Slowdown forces couples working in different time zones to bond through technology

Tags: Editorial
Jennifer Conlin

New York

It’s a typical weekday in the Ghosh household. Two-year-old Emilio, strapped in a highchair, is dallying over breakfast while his father pleads with him to finish. “Try some blueberries,” Gautam Ghosh suggests, then slips his hand into a Baby Einstein puppet and begins his daily ritual of entertaining Emilio while his wife gets ready for work.

Such scenes are hardly unusual for two-career couples with children, but this one is remarkable for the fact that Ghosh, an assistant professor at the University of Pennsylvania, is nearly 9,000 miles away and a daunting 16 hours behind his family’s time zone. When his wife, Cecilia, and Emilio begin their day in New Zealand, it is the previous afternoon in Ghosh’s Philadelphia office, where he conducts his morning video chats with Emilio via Skype — software that enables users to transmit their voices and images through the internet. “We talk in the morning and around dinner, when my wife needs my help the most,” said Ghosh, whose wife recently accepted a post as an assistant professor at the University of Otago in New Zealand. “This was a career decision we simply had to make for financial stability,” he said.

The Ghoshes are hardly alone in choosing to live in different places because of work. In 2006, the Census Bureau reported that 3.6 million married Americans (not including separated couples) were living apart from their spouses. In March, Worldwide ERC, the association for work-force mobility, released a report revealing that three-fourths of the 174 relocation agents surveyed had dealt with at least one commuter marriage in 2007, a 53 per cent increase since 2003. “Families today are undergoing all sorts of strains that didn’t exist before and are simply having to adjust to make things work,” said.

David Popenoe, co-director of the National Marriage Project at Rutgers University, who says the challenging economy may force more couples into commuter marriages for the sake of a paycheck.

Reginald C. Richardson, a lecturer in psychology, agrees. “I think we are going to see more and more commuter marriages in the future, given the global economy and the fact that our technology now makes this more doable,” Richardson said.

Emma Child, a partner in the investment banking group of Rose Partnership in London, a financial services and corporate search firm, said that in recent months she had noted a marked increase in the willingness of couples to live in different locations. “Eighteen months ago anyone searching for a new job would ask to be placed in their current location,” Child said. “Now they come in and say ‘I am prepared to move,’ even, if necessary, without the family.” She added: “We send a lot of people to emerging markets right now. But honestly, who wants to move the family to Lagos? And if the spouse is working, who wants to give up the second income?”

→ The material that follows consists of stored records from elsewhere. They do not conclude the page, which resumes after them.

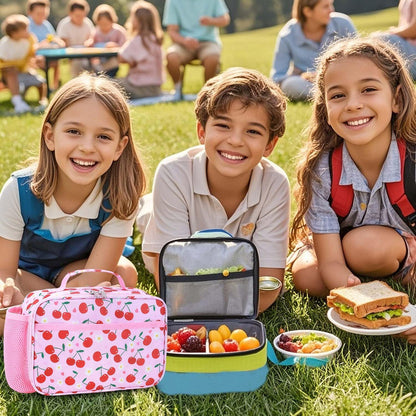 RHCPFOVR Kids Lunch Bag - Insulated Lunch Box for Boys Girls,Washable Lunch Bag and Reusable Toddler Leak-proof Lunchbox for School and Daycare - Colors B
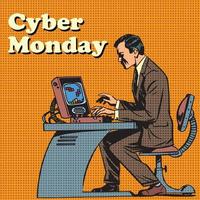 Cyber Monday Computer und Mensch vektor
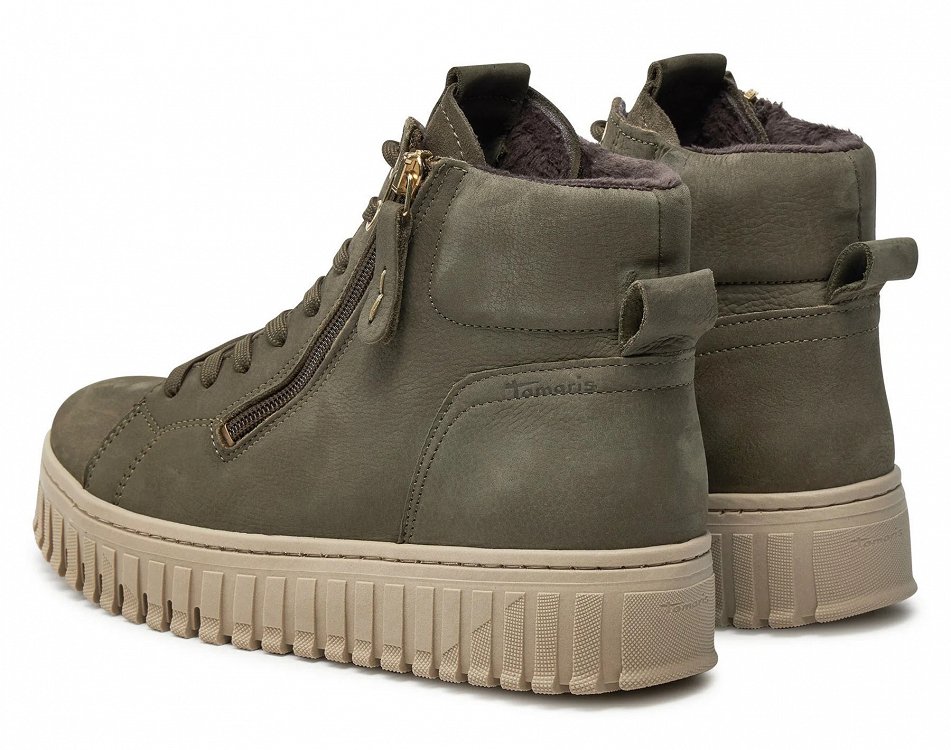 Tamaris Δερμάτινο Μποτάκι 1-25206-43 722 Olive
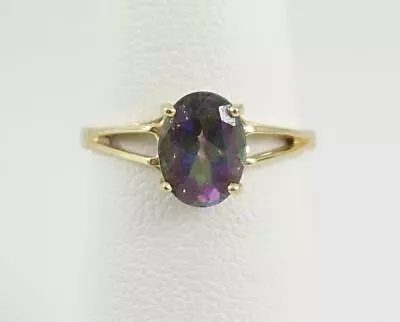 14K Yellow Gold Ladies Sz 4.75 Oval Faceted Mystic Topaz Ring 1.6g • $139.99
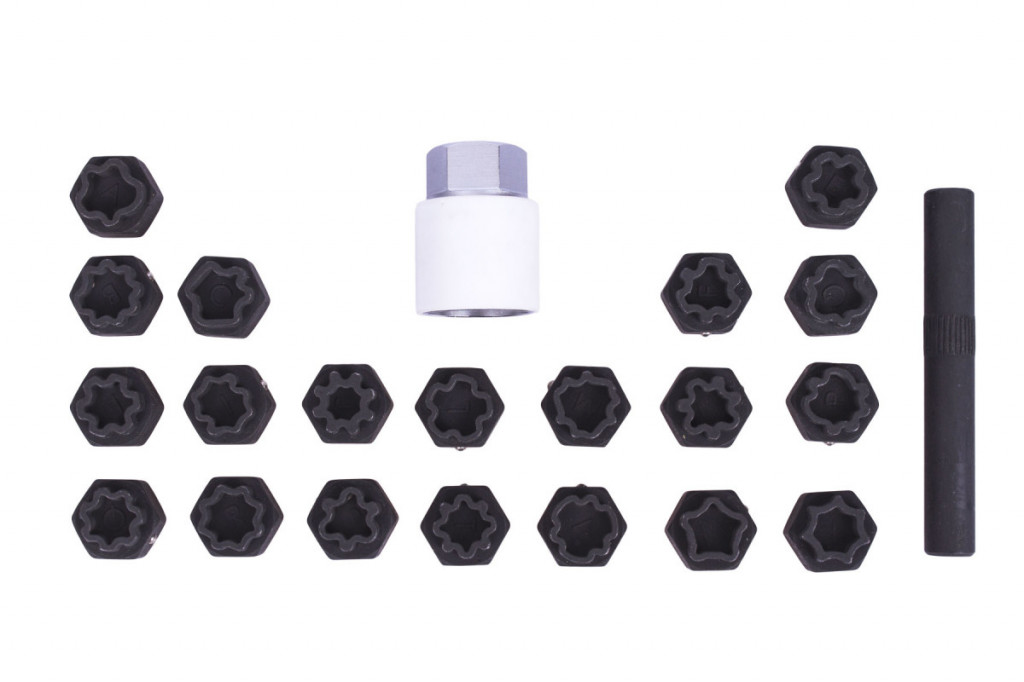 Hlavice na bezpečnostní šrouby kol VAG, různé profily, sada 22 kusů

Until last year, teacher Miles Harvey and his wife, Rengin Altay, were getting by in Chicago on two freelance incomes. But when his wife, an actress, lost her Screen Actors Guild insurance because her voice-over work had all but dried up, they began worrying about their financial future, particularly with two young children to support.

“I wonder if we would be doing this if the economy was better,” said Harvey, who accepted an assistant professorship at the University of New Orleans and who now commutes weekly to Chicago. Though the plan is for the family to move to Louisiana, he says, “It is not a great time to buy a house in New Orleans, nor is it a good time to sell one in Chicago.”